If going with external 3.5 CMR drive hopefully 3-5 years or more. Internal 2.5, especially if SMR, could be annual or a bit more. Edge and Bolt probably the same, if using 2.5 drive.


----------



## tstack709

Woke up to 4 Flashing Lights this morning with my Bolt I purchased back in March 2017. I unplugged for an hour but came right back. What should I do?


----------



## Jimbo687

tommage1 said:


> Not anymore. New naming policy at WD. WD Red is now SMR. Which is not only not recommended for Tivo it should be avoided. You need a Red Plus, or a Red Pro. This is a fairly new, old stock, used etc will be different. But DO NOT buy a Red whose model number ends in EFAX. Stick with Purple (has AV firmware, not NAS), for now at least all Purple are CMR.
> 
> Oh, Red Pro is 7200 RPM, for some purposes good but not really recommended for Tivo as it will run hotter. Expensive too, if you insist on WD NAS model go with the Red Plus. If Seagate the Ironwolf, all Ironwolf are CMR, they do not make any SMR NAS drives. Or again go with the AV drive, Seagate is called Skyhawk I think.


Western Digital Comes Clean, Shares Which Hard Drives Use SMR - ExtremeTech
Good article on which WD drives are CMR or SMR. I purchased a new WD 8TB (WD80EFAX) and it should be a CMR drive hopefully. Thanks for post above as was not aware about the whole CMR vs SMR and impact for Tivo hard drive upgrade options.


----------



## UCLABB

tstack709 said:


> Woke up to 4 Flashing Lights this morning with my Bolt I purchased back in March 2017. I unplugged for an hour but came right back. What should I do?


Replace the drive.


----------



## JOSHSKORN

Call TiVo and get a replacement if they'll honor it. Might charge you $40--$80.

Sent from my SM-N960U using Tapatalk


----------



## tommage1

JOSHSKORN said:


> Call TiVo and get a replacement if they'll honor it. Might charge you $40--$80.
> 
> Sent from my SM-N960U using Tapatalk


Well since a bit over 3 years with the new continual care program it would probably be $199 plus shipping both ways, plus tax. Assuming it was bought new and has never been exchanged. Should get Edge as replacement as they don't have anything else to send out anymore, at least last I heard. Model of failing Bolt not mentioned, what they send will depend on model of failed device (probably cable Edge for cable or cable/OTA Bolt, maybe OTA Edge if OTA only Bolt.)

Or replace drive. Even before that try AC adapter as they can go PARTIALLY bad, power enough for lights but not enough to boot drive. Most likely drive though.


----------



## JOSHSKORN

If you bought the lifetime service just see about getting a replacement from TiVo. Then if that's not an option then try the hard drive route. If I were you, I'd get a backup power supply UPS. For me, with the exception of the first time trying to replace the hard drive which went bad, my 4 flashing lights always occurred after power outages. 

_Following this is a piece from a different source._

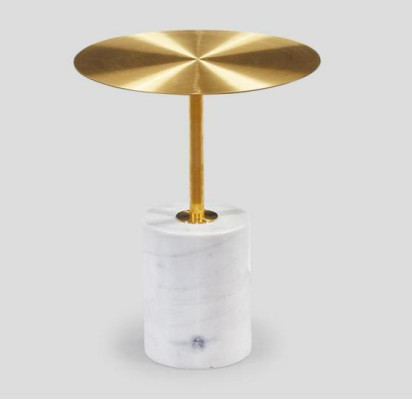 Luxury White side table Living room Side table Faux marble Coffee table
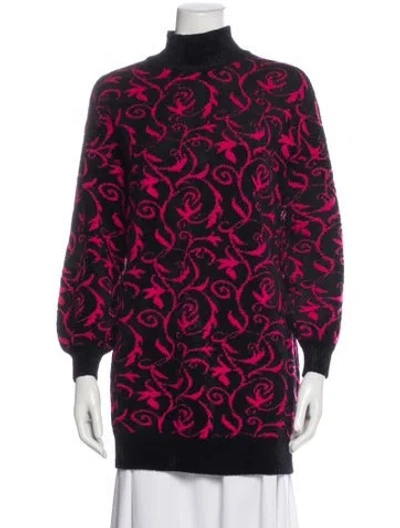 Pre-owned St John Printed Mock Neck Sweater In Multi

Sent from my SM-N960U using Tapatalk


----------



## kpeters59

Capture a backup of your Onepasses and Channels List with KMTTG.

You'd probably also do OK getting a Clone of your existing hard drive on to a new hard drive.

-KP


----------



## tstack709

I have the Lifetime with Tivo Bolt+ 3TB ModelTCD849300 Made in Mexico 20 Sep 16. Would have thought it would last longer.


----------



## tommage1

Jimbo687 said:


> Western Digital Comes Clean, Shares Which Hard Drives Use SMR - ExtremeTech
> Good article on which WD drives are CMR or SMR. I purchased a new WD 8TB (WD80EFAX) and it should be a CMR drive hopefully. Thanks for post above as was not aware about the whole CMR vs SMR and impact for Tivo hard drive upgrade options.

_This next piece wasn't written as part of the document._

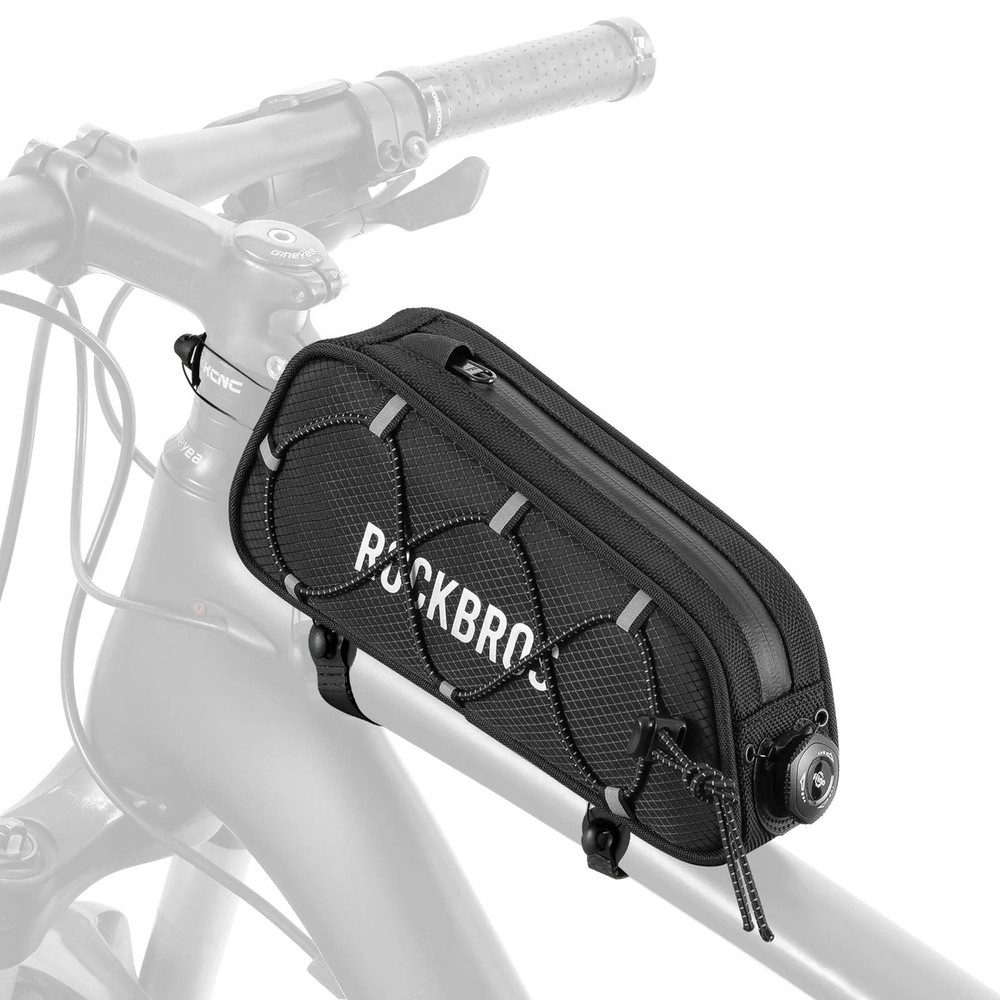 ROCKBROS Rahmentasche Oberrohrtasche Fahrradtasche Zubehörtasche (Spar-Set, 1-tlg., 23 x 10 x 6 cm leicht), FITGO-Drehverschluss, wasserdicht, 0,7 l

Good article but now out of date. Because of the new naming convention, Red and Red Plus. For now the only SMR drives are the 2-6TB EFAX. So for now with the new naming the only "Reds" are those 4 models. The rest will be sold as "Red Plus", including the larger capacity EFAX. Red Pro has not changed.


----------



## tommage1

tstack709 said:


> I have the Lifetime with Tivo Bolt+ 3TB ModelTCD849300 Made in Mexico 20 Sep 16. Would have thought it would last longer.


You've done better than a large number of customers with that model, a lot better than many. Over 3.5 years (from your actual purchase date?) Now need to decide if try an exchange or replacing drive. I myself strictly use 3.5" CMR drives, Sata to Sata (ie no Esata). With a Bolt would have to be external. That's just me though, other options available, some better than others.


----------



## Rawson819

tommage1 said:


> Maybe consider the external with 3.5" for your backup. Or to use as your current drive. One thing to think about though, there is really no such thing as a "backup" drive possible with Bolt or Edge. If by backup you mean something with recordings/settings. If by backup you just mean a drive you can drop in if your current drive fails that would work....


Backup wasn't maybe the best term, as I was thinking more of a standby drive that I have on hand if (when?) the active one fails. So at the moment, I figured I would research which drive (or drive and enclosure) to get, then purchase and deploy, knowing I had the original factory drive to quickly put back into service when needed.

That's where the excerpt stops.